__Task requirements__
Reproduce precisely the lines of the listing below, starting with the line that contains "Boots Leather By Ariat In Brown, Size: 11" and stopping after the line that contains "Antique Gold Moonstone Cabochon Bracelet"; include nothing else.

__Supplied information__
######

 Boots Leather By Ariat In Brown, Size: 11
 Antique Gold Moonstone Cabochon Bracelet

######

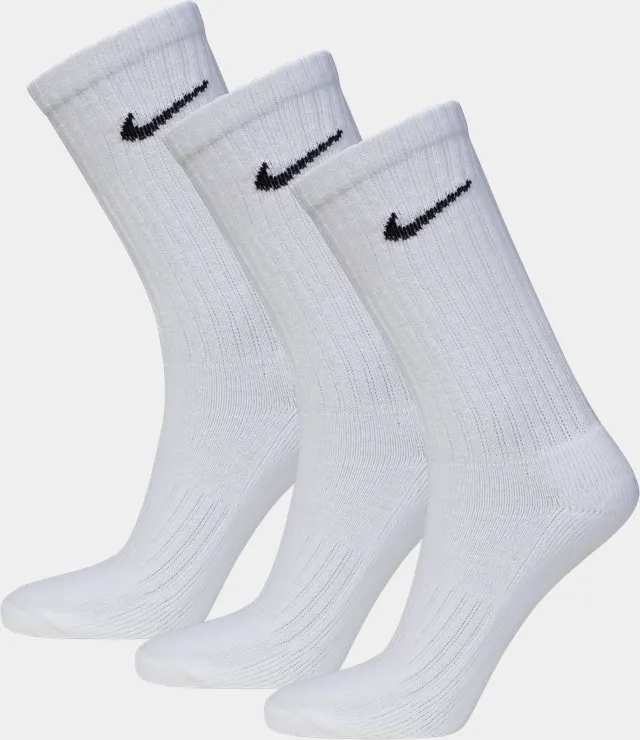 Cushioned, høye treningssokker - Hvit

######

__Completed task__
 Boots Leather By Ariat In Brown, Size: 11
 Antique Gold Moonstone Cabochon Bracelet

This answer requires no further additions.